Neurodegeneration, accumulation of β-amyloid (Aβ) plaques, and neuroinflammation are the major hallmarks of Alzheimer's disease. Here, we aimed to investigate the temporal and spatial association between synaptic activity, Aβ plaque load, and neuroinflammation in an Aβ mouse model with limited neurodegeneration.

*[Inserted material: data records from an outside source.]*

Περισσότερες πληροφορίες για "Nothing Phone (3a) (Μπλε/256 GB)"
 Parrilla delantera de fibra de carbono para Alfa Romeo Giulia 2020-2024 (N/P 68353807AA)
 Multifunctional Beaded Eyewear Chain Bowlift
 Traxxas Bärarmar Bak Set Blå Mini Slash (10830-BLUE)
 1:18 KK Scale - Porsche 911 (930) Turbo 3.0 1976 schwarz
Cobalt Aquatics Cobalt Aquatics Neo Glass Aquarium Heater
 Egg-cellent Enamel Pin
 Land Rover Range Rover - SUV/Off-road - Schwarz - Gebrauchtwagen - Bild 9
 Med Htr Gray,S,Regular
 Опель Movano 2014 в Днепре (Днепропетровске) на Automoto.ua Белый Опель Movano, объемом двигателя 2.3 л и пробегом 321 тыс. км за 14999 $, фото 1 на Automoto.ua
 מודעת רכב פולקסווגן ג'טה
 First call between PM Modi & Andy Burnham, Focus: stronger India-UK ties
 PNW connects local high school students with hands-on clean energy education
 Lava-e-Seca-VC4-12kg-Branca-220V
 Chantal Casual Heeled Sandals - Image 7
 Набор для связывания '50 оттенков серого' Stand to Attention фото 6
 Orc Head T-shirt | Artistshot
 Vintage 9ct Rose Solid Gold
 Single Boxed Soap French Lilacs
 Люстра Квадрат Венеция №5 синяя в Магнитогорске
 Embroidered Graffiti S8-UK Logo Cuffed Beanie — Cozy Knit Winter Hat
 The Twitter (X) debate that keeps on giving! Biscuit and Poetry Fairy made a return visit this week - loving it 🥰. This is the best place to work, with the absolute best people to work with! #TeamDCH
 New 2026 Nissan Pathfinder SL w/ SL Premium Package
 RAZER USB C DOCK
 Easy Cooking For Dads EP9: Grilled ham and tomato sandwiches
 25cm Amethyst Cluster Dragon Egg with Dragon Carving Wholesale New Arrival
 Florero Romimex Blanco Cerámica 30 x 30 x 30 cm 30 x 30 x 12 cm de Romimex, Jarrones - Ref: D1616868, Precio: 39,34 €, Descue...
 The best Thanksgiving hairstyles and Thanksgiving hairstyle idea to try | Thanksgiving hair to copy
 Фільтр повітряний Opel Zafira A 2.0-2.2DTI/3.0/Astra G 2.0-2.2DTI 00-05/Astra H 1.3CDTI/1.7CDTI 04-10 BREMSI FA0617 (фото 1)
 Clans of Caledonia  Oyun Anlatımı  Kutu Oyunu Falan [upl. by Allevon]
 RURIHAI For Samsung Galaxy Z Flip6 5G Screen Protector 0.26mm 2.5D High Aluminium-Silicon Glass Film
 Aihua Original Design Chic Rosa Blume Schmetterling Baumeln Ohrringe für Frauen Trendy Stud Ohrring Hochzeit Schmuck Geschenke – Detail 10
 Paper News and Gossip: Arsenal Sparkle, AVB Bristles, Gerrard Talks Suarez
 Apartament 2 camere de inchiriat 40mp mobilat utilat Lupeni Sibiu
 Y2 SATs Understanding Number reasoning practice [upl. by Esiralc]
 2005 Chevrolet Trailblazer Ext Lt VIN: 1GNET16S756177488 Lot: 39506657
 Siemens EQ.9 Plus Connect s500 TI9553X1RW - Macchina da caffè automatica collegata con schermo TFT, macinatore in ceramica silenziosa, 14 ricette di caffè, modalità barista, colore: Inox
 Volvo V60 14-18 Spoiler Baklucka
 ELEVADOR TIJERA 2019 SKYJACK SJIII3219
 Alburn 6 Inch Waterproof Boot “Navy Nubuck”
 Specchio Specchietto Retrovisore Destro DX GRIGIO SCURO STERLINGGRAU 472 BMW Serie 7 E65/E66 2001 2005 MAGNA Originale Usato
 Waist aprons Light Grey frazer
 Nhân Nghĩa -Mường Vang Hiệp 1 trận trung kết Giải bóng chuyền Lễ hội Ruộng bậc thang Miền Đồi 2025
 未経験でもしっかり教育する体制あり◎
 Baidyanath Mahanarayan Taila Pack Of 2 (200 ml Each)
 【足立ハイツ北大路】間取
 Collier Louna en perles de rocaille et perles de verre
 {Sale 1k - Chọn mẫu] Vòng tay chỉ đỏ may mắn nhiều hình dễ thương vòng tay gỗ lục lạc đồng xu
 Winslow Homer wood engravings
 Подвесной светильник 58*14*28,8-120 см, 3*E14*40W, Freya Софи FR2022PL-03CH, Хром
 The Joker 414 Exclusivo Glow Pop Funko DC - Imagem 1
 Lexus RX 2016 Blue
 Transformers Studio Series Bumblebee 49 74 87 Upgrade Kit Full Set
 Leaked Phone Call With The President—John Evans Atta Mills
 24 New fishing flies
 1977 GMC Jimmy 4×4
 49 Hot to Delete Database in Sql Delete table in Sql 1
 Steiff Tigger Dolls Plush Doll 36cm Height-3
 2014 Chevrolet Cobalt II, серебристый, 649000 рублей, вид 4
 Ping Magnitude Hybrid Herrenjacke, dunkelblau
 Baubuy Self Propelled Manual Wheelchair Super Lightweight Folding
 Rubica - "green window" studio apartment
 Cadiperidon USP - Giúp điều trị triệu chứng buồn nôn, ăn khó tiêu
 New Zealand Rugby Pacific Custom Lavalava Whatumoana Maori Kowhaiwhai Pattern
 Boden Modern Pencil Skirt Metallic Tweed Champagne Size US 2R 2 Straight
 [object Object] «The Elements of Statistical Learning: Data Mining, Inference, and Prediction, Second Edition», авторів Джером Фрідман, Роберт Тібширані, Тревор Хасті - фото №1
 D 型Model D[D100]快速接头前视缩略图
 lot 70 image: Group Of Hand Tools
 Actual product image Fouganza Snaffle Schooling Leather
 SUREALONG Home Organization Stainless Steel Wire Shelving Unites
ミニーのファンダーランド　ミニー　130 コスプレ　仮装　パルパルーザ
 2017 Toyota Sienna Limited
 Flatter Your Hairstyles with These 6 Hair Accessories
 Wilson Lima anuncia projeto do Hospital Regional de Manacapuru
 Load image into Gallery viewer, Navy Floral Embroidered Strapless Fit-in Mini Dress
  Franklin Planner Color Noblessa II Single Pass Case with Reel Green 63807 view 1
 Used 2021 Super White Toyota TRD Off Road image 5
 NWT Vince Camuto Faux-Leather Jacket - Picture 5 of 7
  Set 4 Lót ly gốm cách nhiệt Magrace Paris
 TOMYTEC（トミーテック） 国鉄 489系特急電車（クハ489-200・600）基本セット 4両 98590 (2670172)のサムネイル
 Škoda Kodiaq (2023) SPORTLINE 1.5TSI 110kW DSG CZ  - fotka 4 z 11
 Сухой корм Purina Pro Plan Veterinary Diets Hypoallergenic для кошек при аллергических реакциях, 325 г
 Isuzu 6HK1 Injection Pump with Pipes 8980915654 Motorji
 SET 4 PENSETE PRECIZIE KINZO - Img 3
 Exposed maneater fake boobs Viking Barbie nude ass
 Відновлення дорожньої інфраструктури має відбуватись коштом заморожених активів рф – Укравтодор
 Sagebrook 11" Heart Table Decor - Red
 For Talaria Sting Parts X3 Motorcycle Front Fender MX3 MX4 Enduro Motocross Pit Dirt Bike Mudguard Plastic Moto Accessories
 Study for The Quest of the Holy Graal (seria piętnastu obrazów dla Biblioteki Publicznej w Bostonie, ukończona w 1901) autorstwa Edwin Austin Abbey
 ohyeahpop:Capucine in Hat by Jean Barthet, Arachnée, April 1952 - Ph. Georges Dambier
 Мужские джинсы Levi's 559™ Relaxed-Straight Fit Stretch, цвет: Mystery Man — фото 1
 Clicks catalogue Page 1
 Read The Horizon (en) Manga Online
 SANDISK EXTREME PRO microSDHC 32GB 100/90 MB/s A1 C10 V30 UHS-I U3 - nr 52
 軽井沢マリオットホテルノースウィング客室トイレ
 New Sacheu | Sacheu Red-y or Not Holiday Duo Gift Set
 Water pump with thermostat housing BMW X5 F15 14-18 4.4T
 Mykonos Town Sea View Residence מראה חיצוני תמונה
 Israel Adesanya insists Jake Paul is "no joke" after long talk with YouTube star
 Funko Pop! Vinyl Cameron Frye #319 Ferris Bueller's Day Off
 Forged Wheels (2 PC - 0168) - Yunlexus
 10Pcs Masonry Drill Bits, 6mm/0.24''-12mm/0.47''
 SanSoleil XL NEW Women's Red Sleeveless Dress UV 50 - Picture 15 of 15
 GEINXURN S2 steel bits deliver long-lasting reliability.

26 APPSL70 and 15 C57Bl/6 mice underwent longitudinal PET-scans with [¹⁸F]UCB-H from plaque onset to levels of strong plaque load (5.3 - 11.0 months of age) to assess the synaptic vesicle protein 2A (SV2A) expression, [¹⁸F]FBB to determine the fibrillar Aβ plaque load, and [¹⁸F]GE-180 and [¹⁸F]F-DED to assess microglial and astroglial (re)activity. Statistical parametric mapping was performed to uncover similarities between the binding patterns of all four tracers.

We found a continuous increase in Aβ-PET in APPSL70 mice from 5.3 to 11.0 months of age, resulting in a significantly higher [¹⁸F]FBB PET signal in the cortex, hippocampus, and thalamus of APPSL70 mice compared to C57Bl/6 mice at 11.0 months of age. Parallel increases in SV2A-PET signals were observed in the cortex and thalamus of APPSL70 mice compared to C57Bl/6 mice. Statistical parametric mapping revealed a similar pattern of Aβ- and SV2A-PET differences (dice coefficient 53 %). Patterns of microglia activation showed stronger congruency with SV2A expression (dice coefficient 58 %) than patterns of reactive astrogliosis (dice coefficient 26 %).

APPSL70 mice with limited neurodegeneration comprise a close temporal and spatial association between SV2A expression, Aβ plaque load, and microglial activation. SV2A PET imaging in APPSL70 mice may facilitate longitudinal monitoring of increased synaptic activity in the earliest phase of AD.